Bumble bee numbers tumble with climate change: study
Climate change has contributed to a sharp drop in bumble bee populations across North America and Europe in recent decades, scientists said Friday.
Compared to the period 1900-1974, bumble bee numbers across dozens of distinct species dropped, on average, 46 percent during the first 15 years of the 21st century in Canada and the United States.
In Europe, the corresponding decline of the pollinators was 17 percent, they reported in the journal Science.
Many species of bees and other insects are in a downward spiral, previous research has shown.
Nearly half of all insect species worldwide are in decline and a third could disappear altogether by century’s end, scientists concluded last year in a landmark study, warning about dire consequences for crop pollination and natural food chains.

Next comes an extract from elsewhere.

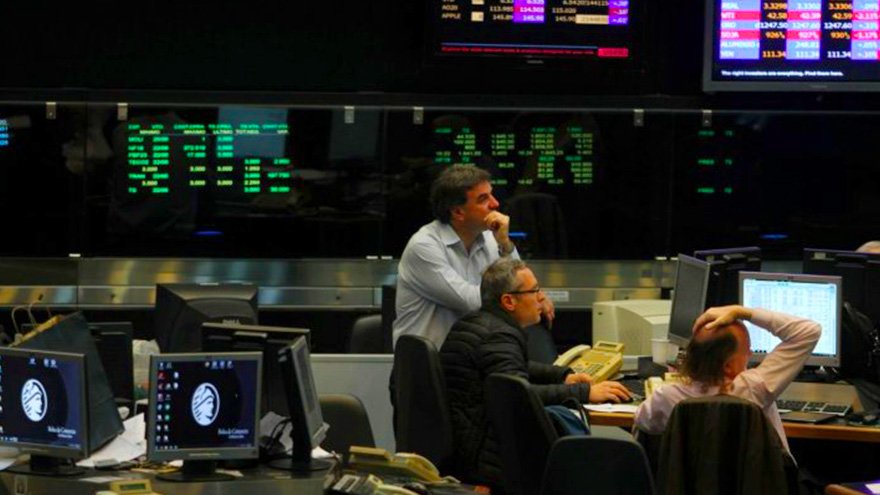 La bolsa porteña y los bonos soberanos en dólares operan con ganancias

But the main drivers of extinction are thought to be habitat loss and pesticide use, and teasing out the possible impact of climate change -- a more recent threat -- “has proven exceptionally challenging,” researchers led by Peter Soroye, a biologist at the University of Ottawa, said in the new study.
To get around that problem, the scientists analysed more than half-a-million geo-localised bumble bee sightings mapped onto a 100-km2 grid in each continent.
They analysed population changes over time in each grid and matched those to average increases or decreases in temperature, as well as heat peaks beyond the threshold of bumble bee tolerance.